Scottish literature in the Middle Ages is literature written in Scotland, or by Scottish writers, between the departure of the Romans from Britain in the fifth century, until the establishment of the Renaissance in the late fifteenth century and early sixteenth century. It includes literature written in Brythonic, Scottish Gaelic, Scots, French and Latin.

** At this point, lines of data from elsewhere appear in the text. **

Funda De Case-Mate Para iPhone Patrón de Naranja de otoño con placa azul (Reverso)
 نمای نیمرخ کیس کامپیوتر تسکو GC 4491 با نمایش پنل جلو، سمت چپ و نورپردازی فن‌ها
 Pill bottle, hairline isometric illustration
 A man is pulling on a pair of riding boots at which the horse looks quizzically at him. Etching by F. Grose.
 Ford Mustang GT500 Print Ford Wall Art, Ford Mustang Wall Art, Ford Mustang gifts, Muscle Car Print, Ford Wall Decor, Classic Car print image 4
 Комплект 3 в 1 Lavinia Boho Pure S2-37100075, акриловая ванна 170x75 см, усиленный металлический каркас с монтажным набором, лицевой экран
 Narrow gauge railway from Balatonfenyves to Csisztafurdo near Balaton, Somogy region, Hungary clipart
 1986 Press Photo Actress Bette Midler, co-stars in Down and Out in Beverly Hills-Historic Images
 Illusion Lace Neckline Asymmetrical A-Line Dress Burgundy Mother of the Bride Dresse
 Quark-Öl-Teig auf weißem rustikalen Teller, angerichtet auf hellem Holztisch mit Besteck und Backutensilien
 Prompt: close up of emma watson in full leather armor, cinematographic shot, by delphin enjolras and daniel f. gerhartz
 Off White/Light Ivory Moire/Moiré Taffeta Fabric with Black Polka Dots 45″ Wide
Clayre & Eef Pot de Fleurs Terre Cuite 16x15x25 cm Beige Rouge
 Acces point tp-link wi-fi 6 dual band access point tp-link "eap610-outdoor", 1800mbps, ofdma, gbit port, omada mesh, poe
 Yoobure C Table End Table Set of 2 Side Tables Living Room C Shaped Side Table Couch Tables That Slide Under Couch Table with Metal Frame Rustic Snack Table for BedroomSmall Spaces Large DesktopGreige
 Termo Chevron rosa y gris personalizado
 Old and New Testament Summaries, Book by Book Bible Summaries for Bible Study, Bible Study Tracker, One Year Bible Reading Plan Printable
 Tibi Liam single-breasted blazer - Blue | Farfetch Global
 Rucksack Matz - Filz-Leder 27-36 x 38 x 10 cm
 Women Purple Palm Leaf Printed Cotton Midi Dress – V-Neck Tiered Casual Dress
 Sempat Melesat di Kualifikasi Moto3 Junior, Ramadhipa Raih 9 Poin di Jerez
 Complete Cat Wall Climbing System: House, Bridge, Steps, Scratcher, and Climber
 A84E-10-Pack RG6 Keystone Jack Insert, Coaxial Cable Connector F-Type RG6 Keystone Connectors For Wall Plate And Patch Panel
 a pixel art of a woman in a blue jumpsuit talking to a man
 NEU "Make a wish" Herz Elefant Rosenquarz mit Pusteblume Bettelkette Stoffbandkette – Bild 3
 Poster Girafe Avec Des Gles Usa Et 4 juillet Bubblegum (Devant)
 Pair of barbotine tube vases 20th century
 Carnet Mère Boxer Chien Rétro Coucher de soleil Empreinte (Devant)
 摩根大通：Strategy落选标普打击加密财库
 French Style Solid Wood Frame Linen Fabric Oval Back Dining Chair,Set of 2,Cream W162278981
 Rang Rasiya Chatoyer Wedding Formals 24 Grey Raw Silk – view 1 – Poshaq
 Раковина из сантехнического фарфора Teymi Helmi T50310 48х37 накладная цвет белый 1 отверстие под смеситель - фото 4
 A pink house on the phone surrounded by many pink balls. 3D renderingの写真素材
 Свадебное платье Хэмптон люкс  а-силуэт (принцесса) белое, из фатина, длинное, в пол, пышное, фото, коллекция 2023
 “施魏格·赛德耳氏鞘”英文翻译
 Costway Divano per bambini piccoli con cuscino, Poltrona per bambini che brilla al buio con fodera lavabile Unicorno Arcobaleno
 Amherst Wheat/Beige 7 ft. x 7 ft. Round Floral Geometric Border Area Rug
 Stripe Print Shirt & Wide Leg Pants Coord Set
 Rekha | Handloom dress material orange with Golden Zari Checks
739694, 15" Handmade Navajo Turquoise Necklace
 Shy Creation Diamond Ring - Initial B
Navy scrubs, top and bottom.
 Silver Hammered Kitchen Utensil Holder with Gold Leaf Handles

Much of the earliest Welsh literature was composed in or near the country now called Scotland, in the Brythonic speech, from which Welsh would be derived. This includes the epic poem The Gododdin, considered the earliest surviving verse from Scotland. Very few works of Gaelic poetry survive from the early Medieval period, and most of these are extant in Irish manuscripts. There are religious works that can be identified as Scottish. In Old English there is the Dream of the Rood, from which lines are found on the Ruthwell Cross, making it the only surviving fragment of Northumbrian Old English from early Medieval Scotland. What is probably the most important work written in early Medieval Scotland, the Vita Columbae by Adomnán, was also written in Latin.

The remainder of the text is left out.